We can see her DNA mapped to her grandfather in orange and her grandmother in blue. It is quite clean at the 5 cM threshold on the left with almost no overlap as we would expect, however when you drop the threshold to 1 cM, you can start to see issues on the right. Look at Chromosome 1, for example. There are three small segments from the grandparents that are directly in opposition to the obvious inheritance pattern. You can also see it on chromosomes 3, 5, 6, 10, 12 and 14 (click image to enlarge). If you only had one of the grandparents tested, you would map those small segments to the wrong grandparent and, thus, be "barking up the wrong" branch of the tree.

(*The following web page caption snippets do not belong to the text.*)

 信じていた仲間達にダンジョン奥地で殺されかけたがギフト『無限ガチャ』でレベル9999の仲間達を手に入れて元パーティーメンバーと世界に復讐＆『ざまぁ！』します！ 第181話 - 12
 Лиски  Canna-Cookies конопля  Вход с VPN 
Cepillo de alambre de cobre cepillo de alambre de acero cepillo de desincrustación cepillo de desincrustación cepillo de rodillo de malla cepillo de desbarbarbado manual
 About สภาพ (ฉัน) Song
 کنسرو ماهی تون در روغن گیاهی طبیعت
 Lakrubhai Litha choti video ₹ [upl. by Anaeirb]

Brynne's DNA mapped to her maternal grandparents

Let's look more closely at Brynne's Chromosome 14 and the inheritance from her maternal grandparents through to her great grandfather Bush.

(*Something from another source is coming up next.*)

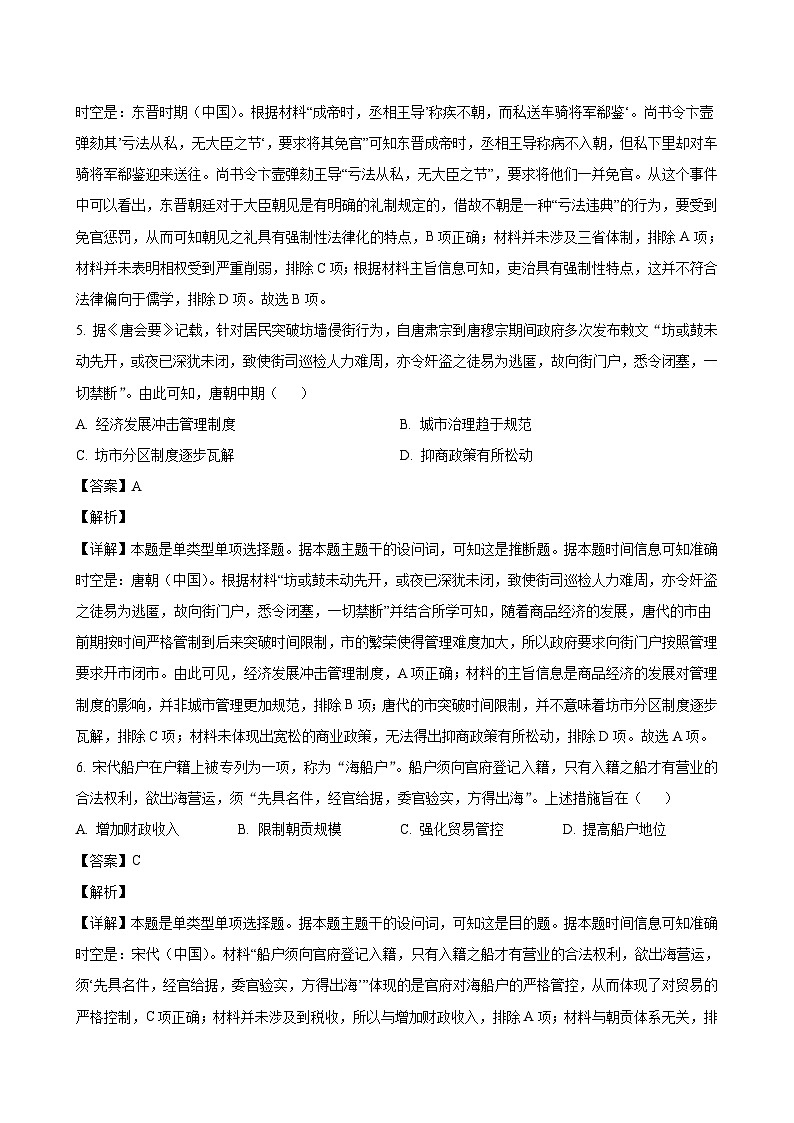 江苏省盐城市2023-2024学年高三上学期期中考试 历史（含解析）03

The pink in the image below is the comparison with her mother, Angie. Of course, they share across the length of the chromosome. Then, you can see, in green, the DNA she shares with her maternal grandfather and, in blue, the DNA she shares with her great grandfather from the same line. It appears that she has one long segment from her grandfather and then one small one that she inherited from her great grandfather through her grandfather. You would feel pretty safe mapping that small blue/green segment to her great grandfather, right? There is only one problem...the orange is the DNA she inherited from her maternal grandmother! That small segment falls right where the DNA she inherited from her mother came from her maternal grandmother, not her grandfather! She couldn't have inherited DNA from both her maternal grandmother and her maternal grandfather on that spot, so the small segment must be a false positive even though it persisted over multiple generations.

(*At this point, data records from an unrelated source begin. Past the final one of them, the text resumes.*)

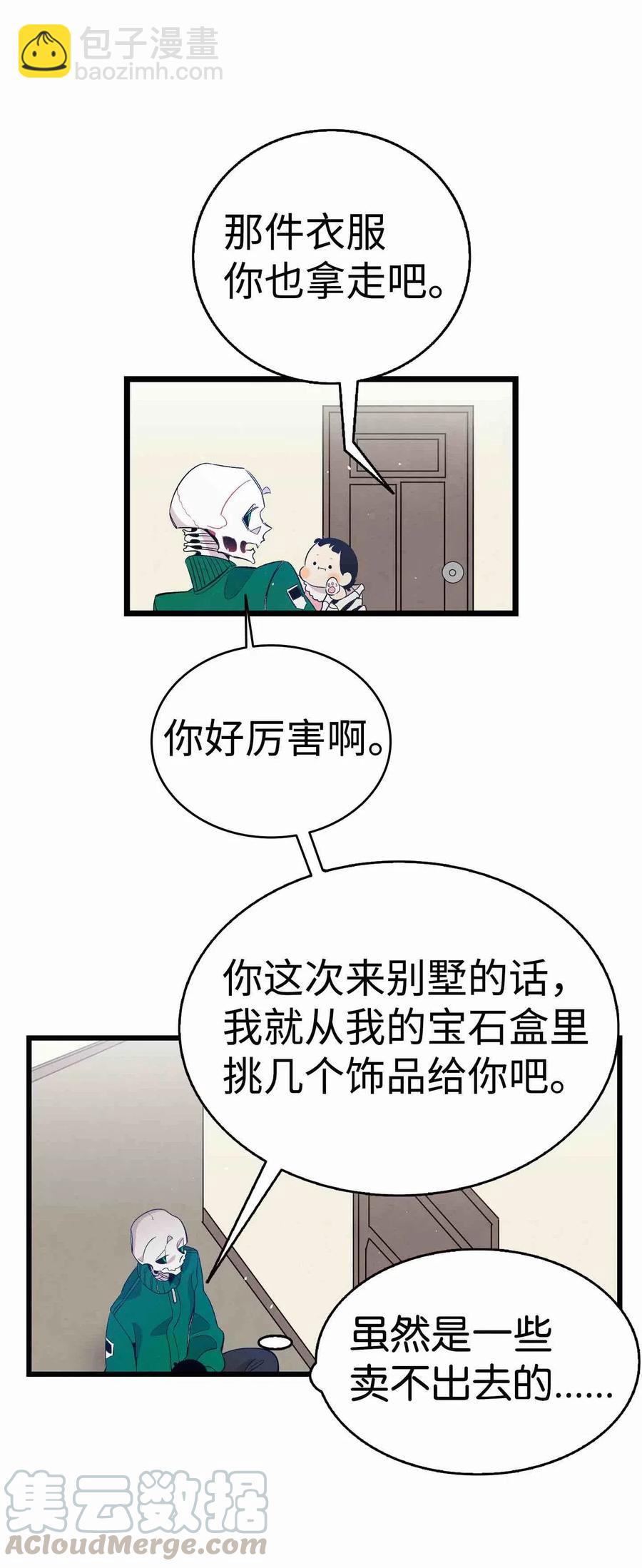 66 艰难的一天(1/2)-第66话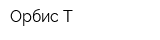 Орбис-Т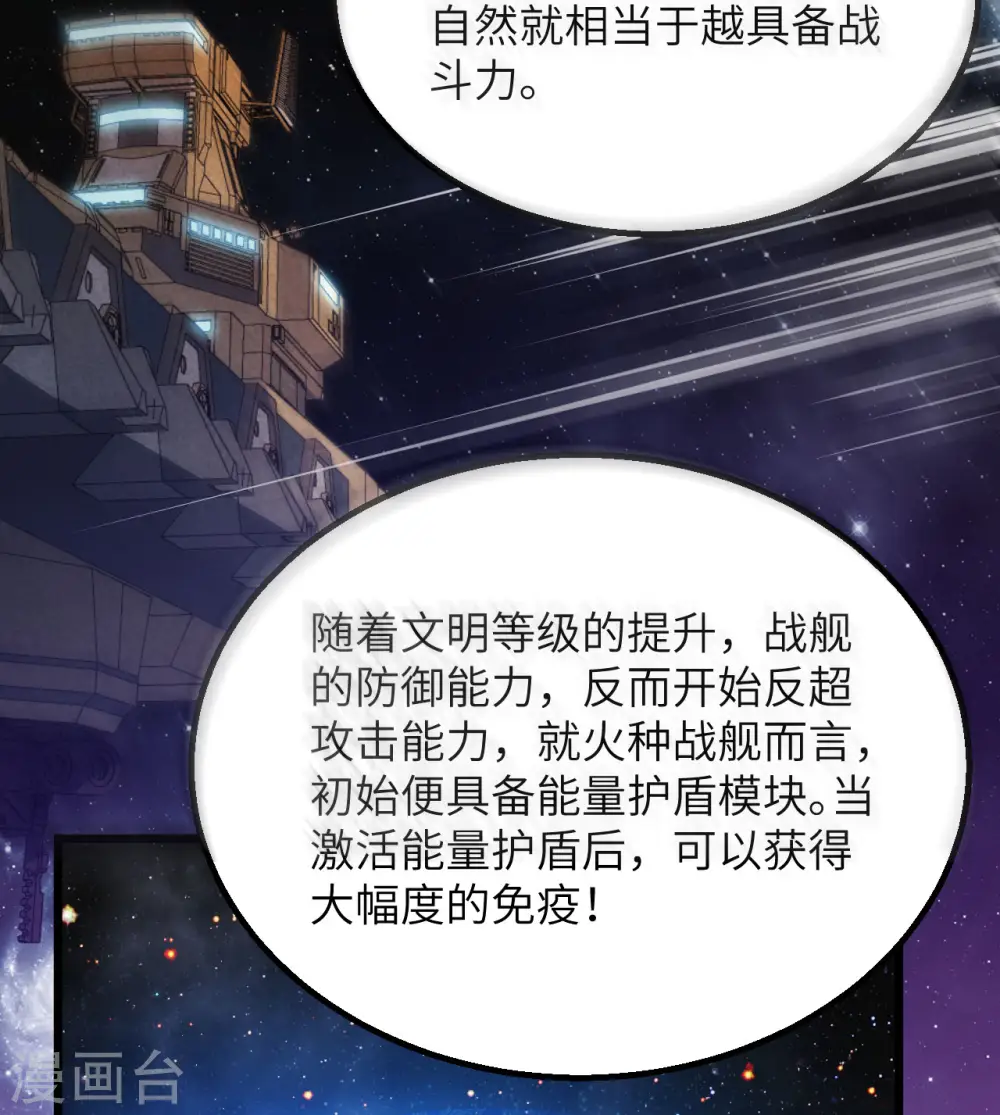 我的战舰能升级漫画,第4话 我，就是指挥官！2图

You can see similar problems on Chromosome 1, 5 and 6.

Remember she can't inherit DNA in the same spot from both grandma and grandpa.


Pink - mother, green = grandfather, blue = great grandfather (father of grandfather), orange = grandmother. 

All three of these chromosomes show small segments that fall in sections inherited from the opposite side of the family, proving they are false positives. Look at the colorful pile-up on Chromosome 6. Some of these segments are almost 5 cM!

There is so much more to say about the use of small segments in genealogical research and a huge amount of data to explore, but I will stop here for today. I think that these few examples should give any genetic genealogist who believes that small segments can, in any way, support genealogical theories serious pause for thought.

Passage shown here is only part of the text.